Today, Accenture is a leader in using mergers and acquisitions as a mechanism to drive future organic growth through relatively small acquisitions in new and emerging strategic priorities—essentially organic growth through inorganic acquisitions each year. As part of Accenture’s capital allocation strategy, the company targets to spend 25% of free cash flow each year on acquisitions.
However, Accenture takes the view that acquisitions are not a strategy in and of themselves. Rather, our Corporate Development team works with our business teams to help realize an independently developed business strategy, one tool of which to help achieve that strategy is acquisitions.
This was the approach Accenture took with developing Accenture Song. More than a decade ago, a nascent Accenture marketing services group was trying to develop an entity to provide digital marketing services to corporations, a new way of marketing. They had an evolving strategic vision and our Corporate Development team worked with them to help to fill the gaps. We pursued a large number of marketing and advertising acquisitions over time.
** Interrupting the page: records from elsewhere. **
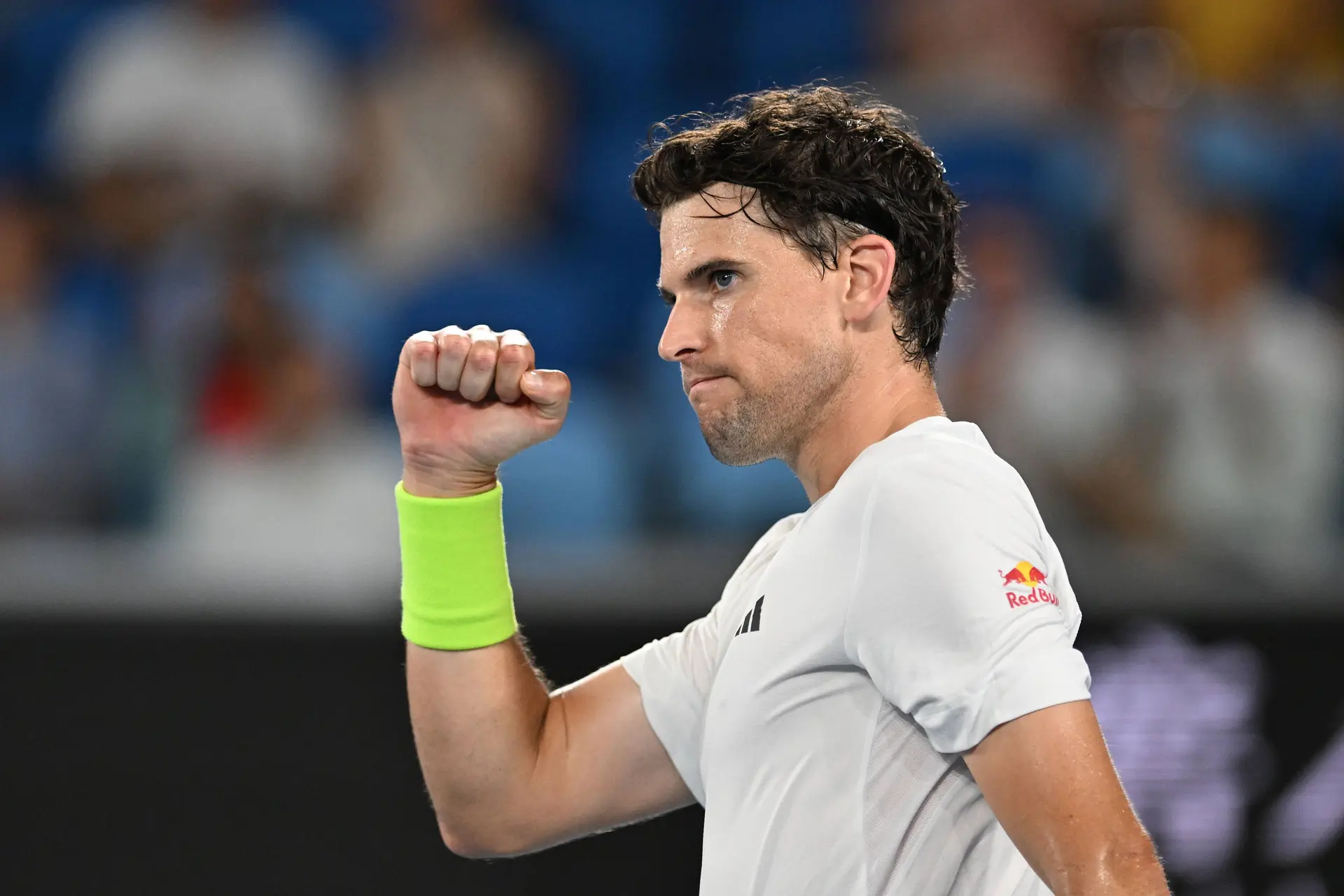 Dominic Thiem Awarded Arthur Ashe Humanitarian Award In Retirement Year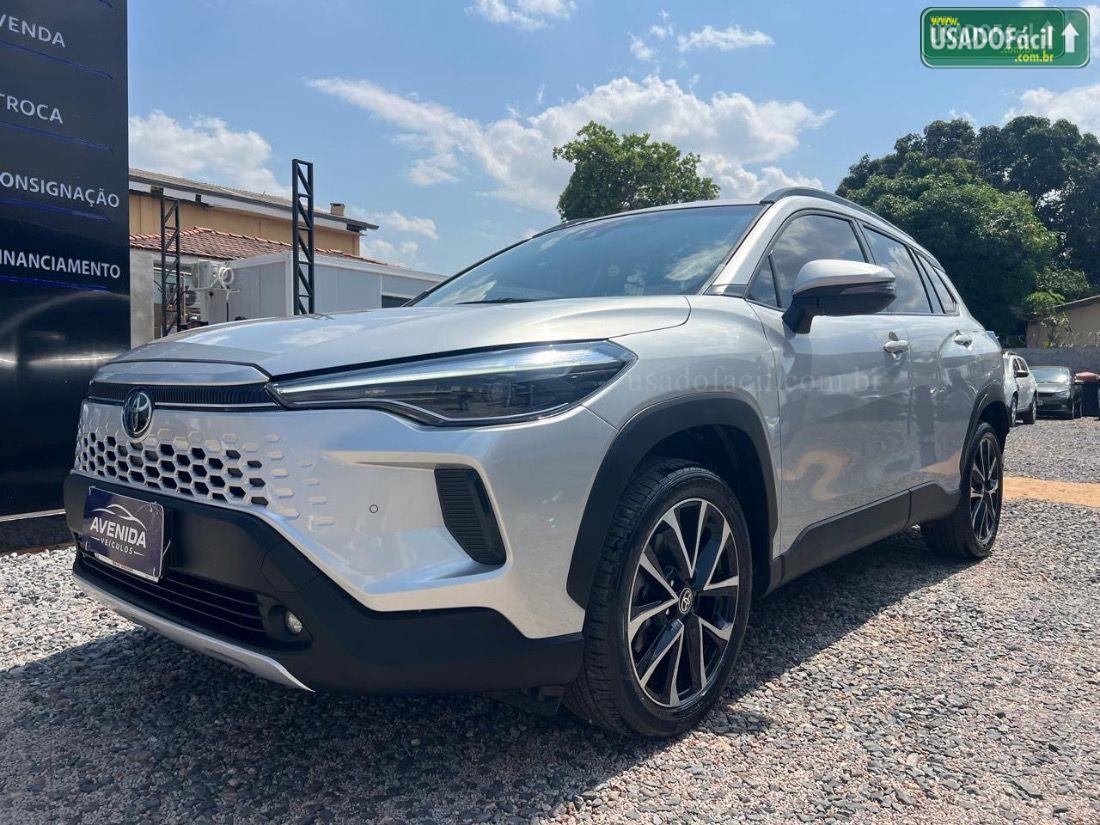 Toyota Corolla Cross XRE 2.0 Automático Flex 2025/2026 — foto 2 de 22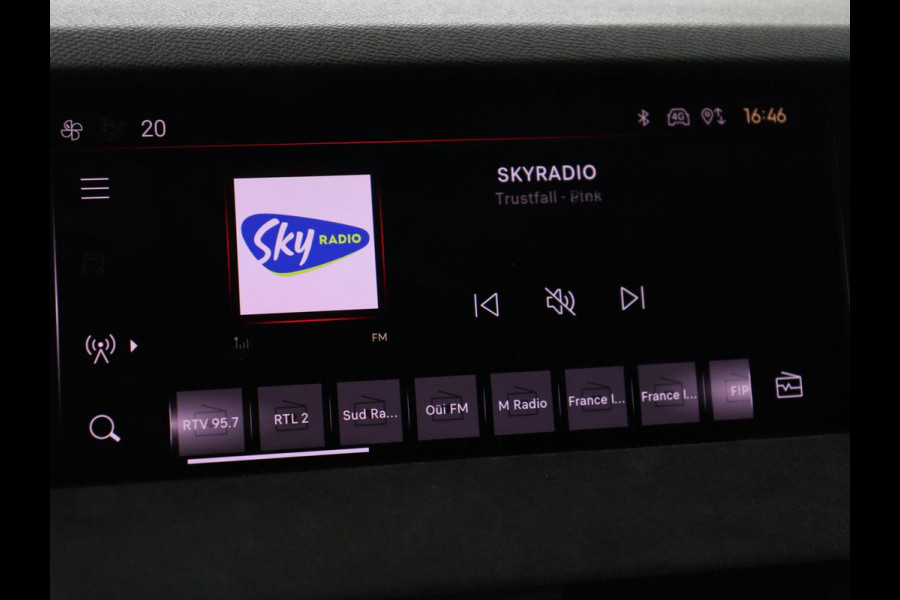 DS DS 4 1.6 PHEV 225 Étoile | Leder | Trekhaak | Matrix LED | Head-Up | Camera | Navigatie | Adaptive cruise | Plug In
This process included the acquisition of Droga5 in May 2019, one of the most innovative and influential creative agencies. The acquisition added more than 500 employees to Accenture Song boosting its capabilities as an experience agency. The succession of acquisitions coupled with organic growth and leveraging other capabilities within Accenture led to the creation of one of the largest digital agency networks in the world today.
Accenture has a world-class corporate development team that has pivoted Accenture to the realm of new technologies and driven significant growth. A demonstration of these accomplishments is an annual investment of on average, over $1 billion in acquisitions over the past eight years. Accenture’s M&A journey will not stop here. The needs of Accenture clients continue to evolve and Accenture’s acquisition priorities continue to evolve with it and at an ambitious pace.